Internally, the xds_cluster_resolver_experimental policy will have an ordered list of discovery mechanism instances. Each instance will be able to report structured data in a form equivalent to an EDS resource (endpoints grouped into priorities and localities). In addition, each discovery instance will be able to optionally indicate that it wants to override the child policy to be used for its priorities, and it will be able to indicate whether it supports re-resolution (which will be used to set a new attribute in the priority policy config). Each discovery instance will also separately track the priority names it generates and the corresponding localities, to preserve them across updates.

There will be two discovery mechanism implementations:

EDS. This will get data via an EDS watch on the XdsClient. It will not override the child policy for its priorities, and it will not support re-resolution.
Logical DNS. This will use a DNS resolver to obtain the endpoint information by resolving the DNS name encoded in the LOGICAL_DNS CDS resource. The DNS resolver will not fetch a service config; only the address information will be used. All endpoints will be reported in a single priority and a single locality, whose fields are empty. It will override the child policy for its priority to be pick_first, and it will support re-resolution.

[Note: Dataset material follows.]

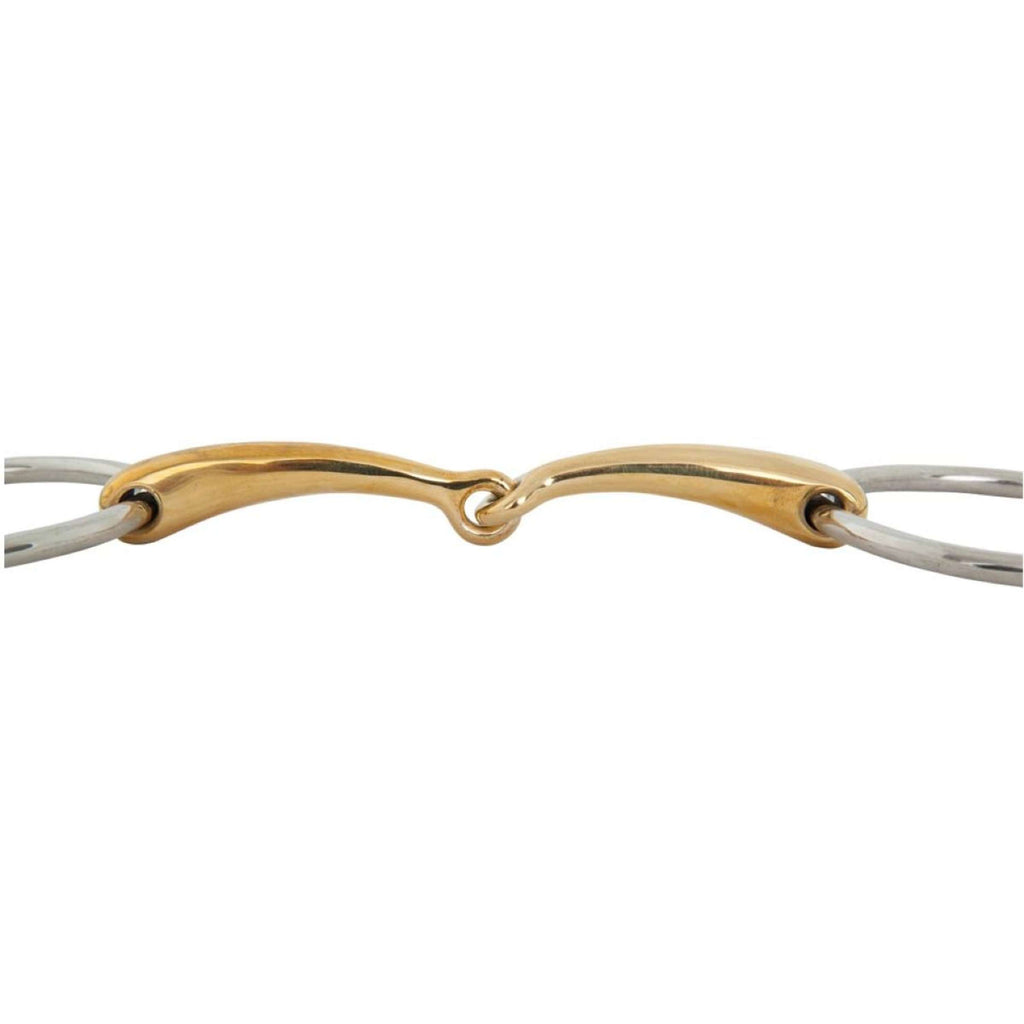 BR Loose Ring Snaffle Soft Contact Single Snaffle 12mm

The xds_cluster_resolver_experimental policy will be gracefully switched whenever its config changes, so it will not need to process config updates.

If any discovery mechanism instance experiences an error retrieving data, and it has not previously reported any results, it should report a result that is a single priority with no endpoints. An EDS discovery mechanism should do the same if its watcher reports that the resource does not exist (whether or not it has previously reported a result).

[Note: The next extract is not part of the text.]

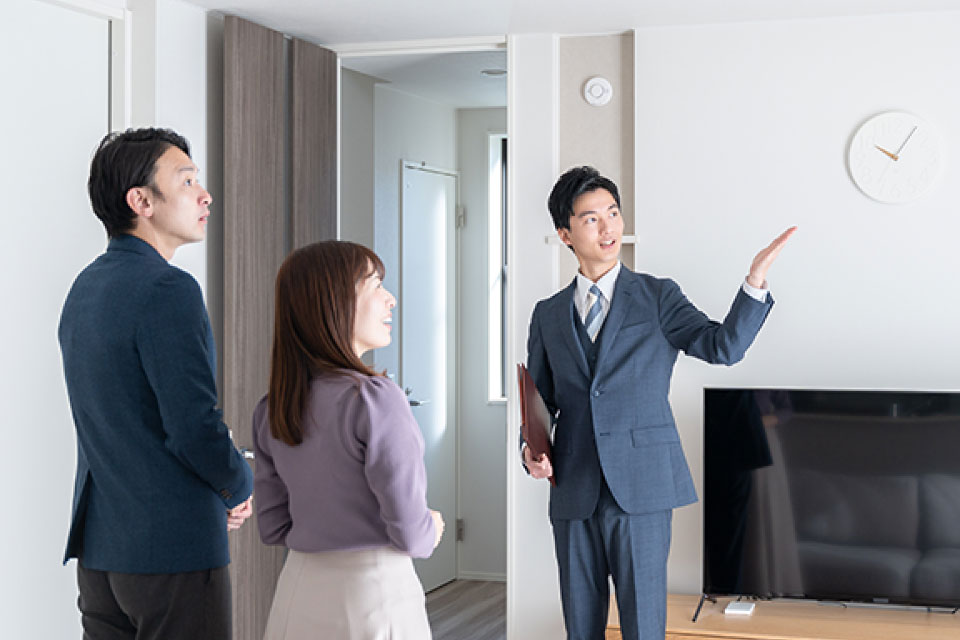安心できる担当者がいます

`xds_cluster_impl_experimental` LB Policy

When an aggregate cluster points to multiple clusters, each of the underlying clusters will have its own circuit breaking config and (for EDS clusters) its own EDS DropOverloads config. Since the endpoints for each underlying cluster will be represented as a different set of priorities in the aggregate cluster, we will need a way to configure circuit breaking and drops separately on a per-priority basis.

To accomplish this, we will move circuit breaking and drop handling out of the EDS policy and into a new xds_cluster_impl_experimental policy. This new policy will be positioned in between the priority_experimental policy and the weighted_target_experimental policy. The circuit breaking and drop config for each priority will come from the endpoint discovery mechanism that the priority's endpoints came from.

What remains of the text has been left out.